Boardroom pay at listed Australian firm Slater and Gordon appears likely to rise sharply, following a six-month period in which the company’s value has fallen by more than half.
In an announcement to the Australian stock exchange ahead of the annual meeting on 20 November, the firm has given notice that it will seek shareholder approval to increase maximum annual payments for its four non-executive directors from around A$650,000 (£305,000) to A$950,000 (£446,000).
The notice explains that higher non-executive pay will give the company the ‘flexibility’ to increase the number of appointments to oversee ‘significantly expanded company operations’. The increase will also compensate directors for their ‘expanded responsibilities and time commitment’ since July.
The AGM comes after the end of a six-month period when the share price has dropped from A$6.54 to A$2.83.
Group managing director Andrew Grech and executive director Ken Fowlie, meanwhile, are in line for potentially lucrative share options under an employee equity plan. ‘Performance rights’ issued to Grech and Fowlie at no cost to them and valued at almost £300,000 in total will vest in 2018, subject to the company meeting certain performance targets.
In June, the company was notified that the Australian Securities and Investments Commission (ASIC) intended to raise some queries regarding the group’s accounting procedures.
In the 144-page annual report to shareholders, chair John Skippen explained errors in the reporting of historical UK cashflows have been ‘rectified’ and had no impact on net cash from operating activities.
Skippen said the company expects ASIC to complete its investigation shortly after what he described as an ‘extensive’ review.
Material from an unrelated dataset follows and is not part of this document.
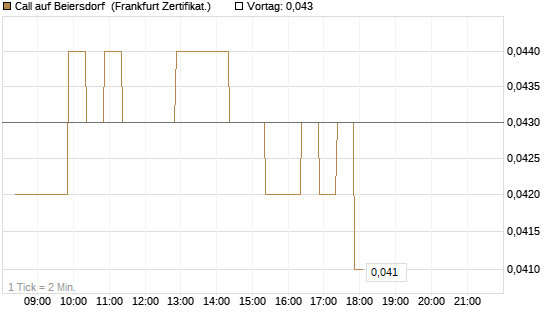 Call auf Beiersdorf [BNP Paribas Emissions- und Handelsges.] Chart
The report reflects how much the company has had to spend on due diligence in a year when Slater and Gordon bought the professional services division of UK listed outfit Quindell.
In total in 2014/15, Slater and Gordon paid £774,000 for due diligence investigations compared with just £7,500 in 2013/14. Of this year’s figure, around £700,000 was paid to accountancy firm Ernst & Young and the remainder went to Pitcher Partners.
Slater and Gordon said it has brought 1,600 staff on board with the Quindell acquisition across 12 locations, bringing total headcount to almost 4,000 across the UK.
The company said the coming year will see a focus on improving cash performance across the group rather than concentrate too heavily on new acquisitions.